中国政府が国内交通インフラの5カ年計画をまとめた。最終年の2027年に高速道路や空港数は1割、高速鉄道は3割拡大する。交通向け投資は22年に過去最高を記録しており、23年も高水準を維持する。不動産市況の低迷などで地方経済が疲弊するなか、インフラ頼みの色彩が強まっている。

 

(3)「交通運輸省などが計画を策定した。中央政府が管轄する高速道路は21年末時点で11万7000キロメートルあり、27年に13万キロメートルと11%延ばす計画だ。省など地方政府の管轄分を含めた全体の高速道路は21年末で16万9100キロメートル。全体の延伸計画値は不明だが、さらに規模は大きくなる。米国の連邦道路庁によると、20年時点で米国の高速道路は約9万8000キロメートル。中国は高速道路の総延長ですでに世界首位だが、さらに差を広げる」

 

中国は、高速道路の総延長ですでに世界首位である。だが、さらに延長する。人口減社会に入って、いずれは「無駄な投資」になる。資金回収もできず、赤字垂れ流し要因となるのだ。

 

(4)「『中国版新幹線』と呼ばれる高速鉄道も同様だ。国有企業の中国国家鉄路集団が独占運営しており、22年末の総延長は約4万2000キロメートルと、日本の新幹線の約13倍。一国の高速鉄道として世界最長だ。こちらも27年に5万3000キロメートルと、26%延ばす。このほか22年末で254カ所ある空港は、約280カ所に増やす計画だ。全国の交通向け固定資産投資は22年が約3兆8000億元(約75兆円)で過去最高を更新しており、23年も高水準を維持する。
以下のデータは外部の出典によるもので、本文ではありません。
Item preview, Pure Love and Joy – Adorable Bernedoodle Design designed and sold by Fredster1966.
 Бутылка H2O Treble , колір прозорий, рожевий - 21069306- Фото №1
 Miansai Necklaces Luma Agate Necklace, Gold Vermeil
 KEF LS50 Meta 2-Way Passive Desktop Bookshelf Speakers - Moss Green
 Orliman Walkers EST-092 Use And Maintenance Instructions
交通運輸省の徐成光・副部長(副大臣に相当)は2月に「交通インフラの投資は規模が大きく、経済効果が早く、雇用も拡大できる」と説明。「投資を拡大し、経済全体を好転させる支援をする」と述べた」

 

インフラ投資は、GDPを押し上げる効果はある。ただ、リターンが少なく「死の投資」になっており、負債を増やすだけである。返済を考えたことは、皆無と見られる。

 

(5)「もっとも各交通の経営は厳しい。有料道路全体でみると債務返済や補修費などの総支出が通行料金の総収入を上回り、大幅な赤字だ。政府などが抱える高速道路の債務残高は21年末で7兆4853億元にのぼる。高速鉄道を運営する鉄路集団も赤字路線が多く、負債総額は22年末時点で6兆1068億元。高速道路と鉄道の「双子の債務」は合計で約13.6兆元と、22年の国内総生産(GDP)の約11%にあたる巨大な規模だ

 

高速道路と鉄道の「双子の債務」は、GDPの約11%に当たる。この巨大な債務をどのように返済するのか。その計画はない。無責任政治の極である。